Bencic trug auffällige Bandagen rund um ihr linkes Knie und hatte Mühe, sich auf dem Platz zu bewegen. Die Olympiasiegerin von Tokio 2021 schien nach dem ersten Satz kein weiteres Risiko eingehen zu wollen. In knapp zwei Wochen beginnt in New York das US Open.

Für Simona Waltert (WTA 87) endete das Turnier mit einer erwartbaren Niederlage. Die Bündnerin unterlag Pegula 3:6, 2:6. Die Amerikanerin, die wie Bencic in Cincinnati ein Freilos für die 1. Runde erhalten hatte, hatte das Geschehen stets im Griff. Die Schweizerin hatte vor allem Mühe bei eigenem Aufschlag, musste sechs Breaks hinnehmen und beging elf Doppelfehler. (hkl/sda)

Djokovic verliert bei Rückkehr
Novak Djokovic hat beim ATP-1000-Turnier in Cincinnati eine frühe Niederlage kassiert. Der 39-jährige Serbe verlor gegen den Argentinier Thiago Tirante, die Nummer 50 der Welt, mit 6:2, 4:6, 4:6.

Djokovic, der als Nummer 3 der Setzliste mit einem Freilos ins Turnier gestartet war, hatte seit dem Halbfinal-Out in Wimbledon gegen Jannik Sinner keine Partie mehr auf der Tour bestritten. Gegen Tirante zeigte der Routinier einen überzeugenden ersten Satz, bevor der Südamerikaner mit den Breaks zum 4:3 im zweiten und zum 5:4 im dritten für den Unterschied sorgte. (ram/sda)
Douglass holt sich Weltrekord zurück
Kate Douglass stellte an den Pan-Pazifik-Meisterschaften im kalifornischen Irvine in 23,49 Sekunden einen Weltrekord über 50 m Crawl auf. Die 24-jährige Amerikanerin verbesserte die Bestmarke ihrer Landsfrau Gretchen Walsh um sechs Hundertstel. Walsh hatte diese erst Ende Juni in Rom aufgestellt und damit Douglass abgelöst. (ram/sda)
Deutscher Teenager schwimmt Weltrekord
Der Deutsche Johannes Liebmann (Bild) sorgte am zweitletzten Wettkampftag für den zweiten Weltrekord der Langbahn-EM in Paris. Der 19-Jährige unterbot über 1500 m Crawl in 14:26,79 Minuten die Bestmarke des Amerikaners Bobby Finke, aufgestellt bei dessen Olympiasieg vor zwei Jahren in Paris, um fast vier Sekunden. Silber sicherte sich der Ungar Zalan Sarkany. Bronze ging an Liebmanns Landsmann Oliver Klemet.
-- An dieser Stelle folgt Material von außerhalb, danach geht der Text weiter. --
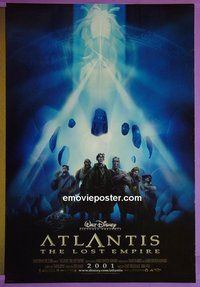 H098 ATLANTIS THE LOST EMPIRE double-sided advance one-sheet movie poster '01 Walt Disney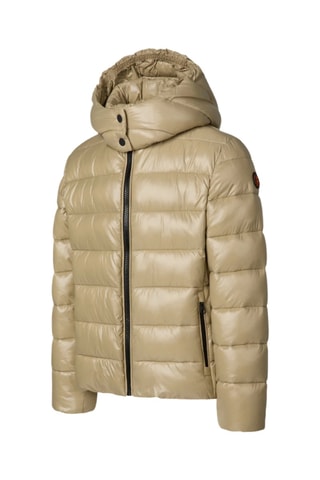 Gewatteerde jas met capuchon - Beige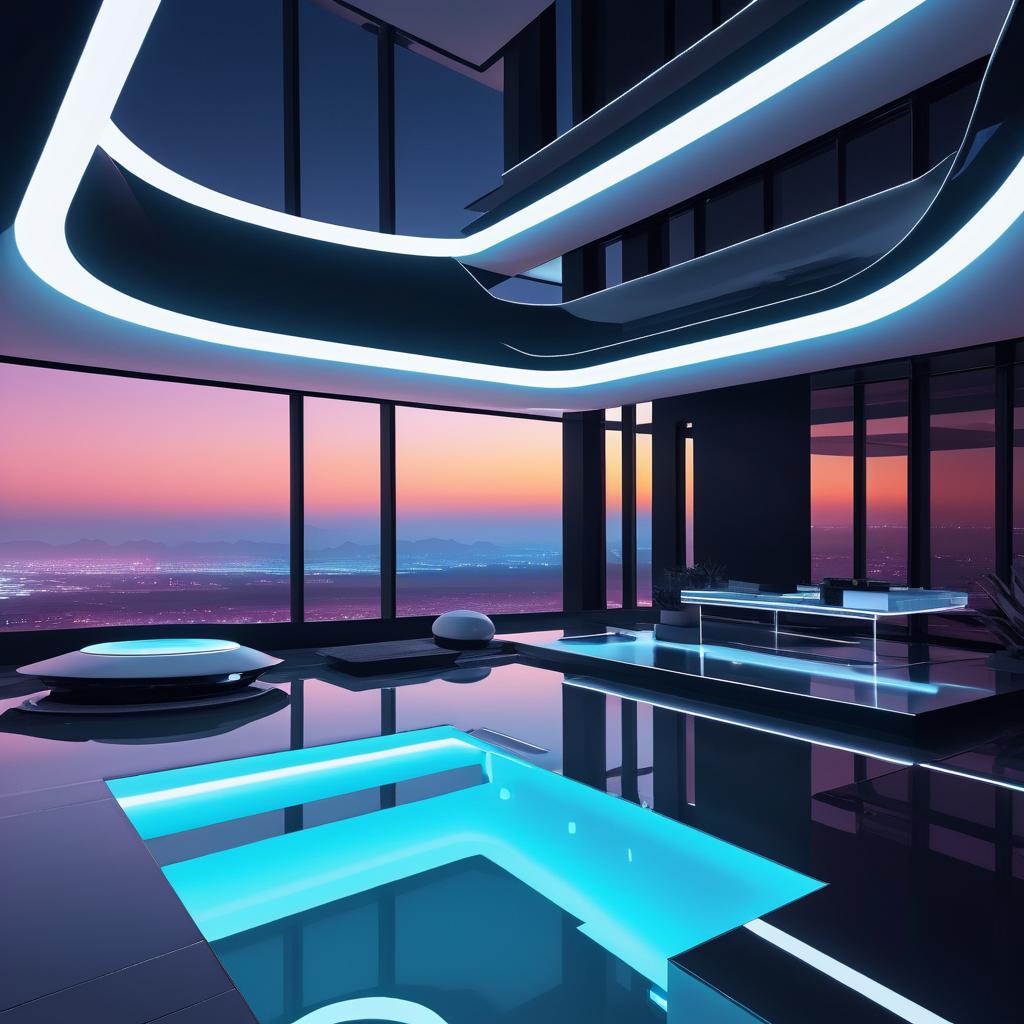 Sleek Cyberpunk Villa in Neon Rain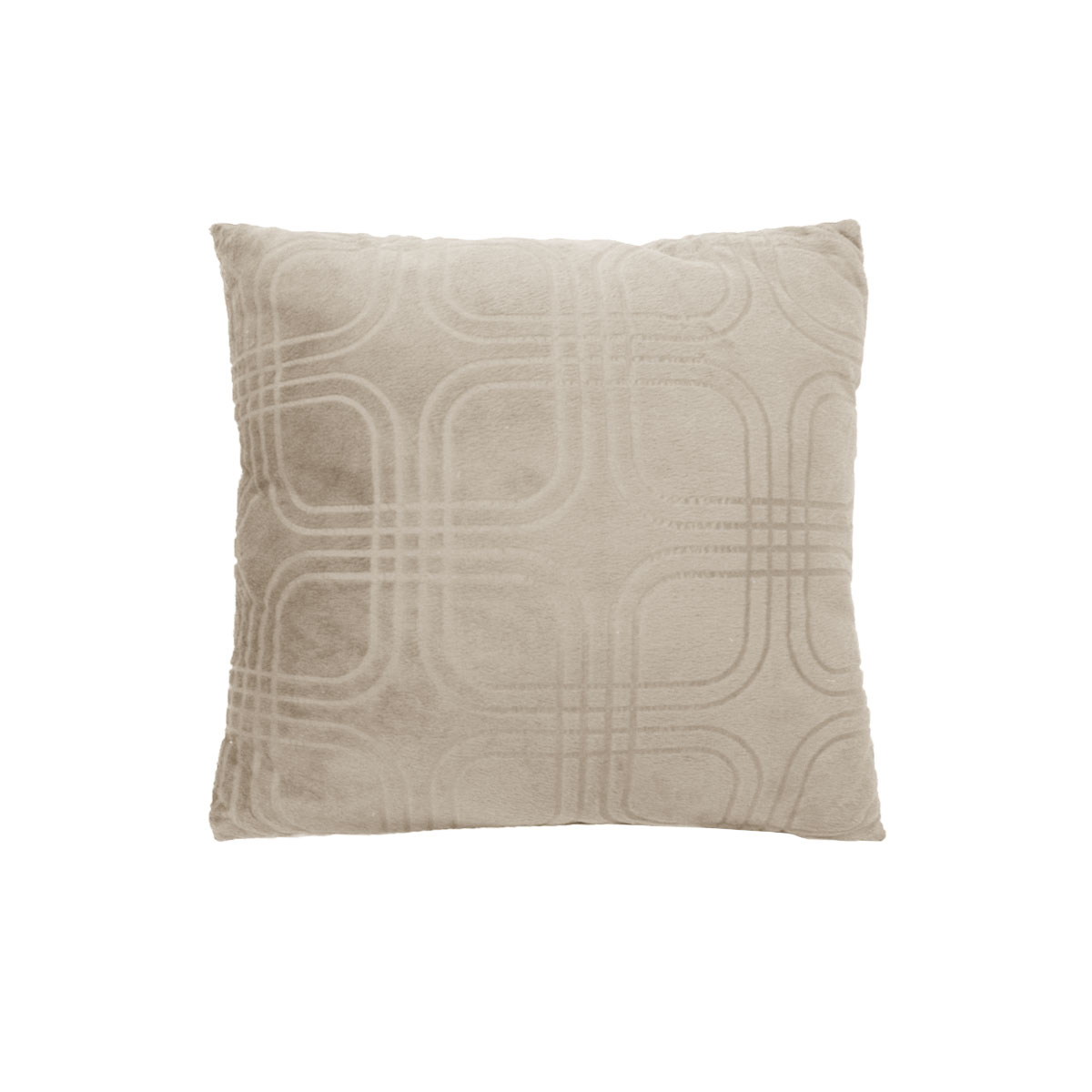 Embossed Micro Mink Filled Cushion Linen 43 x 43 cm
Für den Höhepunkt aus Sicht des Heimpublikums sorgte am Samstag Léon Marchand. Der französische Superstar bestreitet bei diesen Titelkämpfen wegen einer Muskelverletzung an den Adduktoren nur ein reduziertes Programm, über 200 m Delfin gewann er überlegen seinen ersten EM-Titel. (ram/sda)
Bickel im EM-Final am Boden chancenlos
Lena Bickel erreichte an der Kunstturn-EM in Zagreb im Gerätefinal am Boden Platz 8. Die Tessinerin erhielt für eine solide Darbietung ohne allerhöchsten Schwierigkeitsgrad 13,033 Punkte. Den Sieg holte sich die Italienerin Manila Esposito mit 13,700 Zählern, für Bronze waren 13,566 Punkten notwendig. (ram/sda)
EM-Bronze für Schweizer Faustballer
Die Schweizer Faustball-Nati stand an der EM in Dänemark nahe vor der Sensation, musste sich letztlich aber mit der Bronzemedaille begnügen. Das Team von Nationaltrainer Hartmut Maus bezwang Italien im Spiel um Platz 3 mit 4:1 Sätzen, nachdem es im Halbfinal gegen Rekord-Welt- und -Europameister Deutschland trotz eines Matchballs 3:4 verloren hatte.

Damit verpassten die Schweizer das Ziel, erstmals seit 2018 den EM-Final zu erreichen. Die Deutschen mussten sich nach zuletzt fünf EM-Titeln in Folge im Final Österreich überraschend deutlich mit 0:4 geschlagen geben. (ram/sda)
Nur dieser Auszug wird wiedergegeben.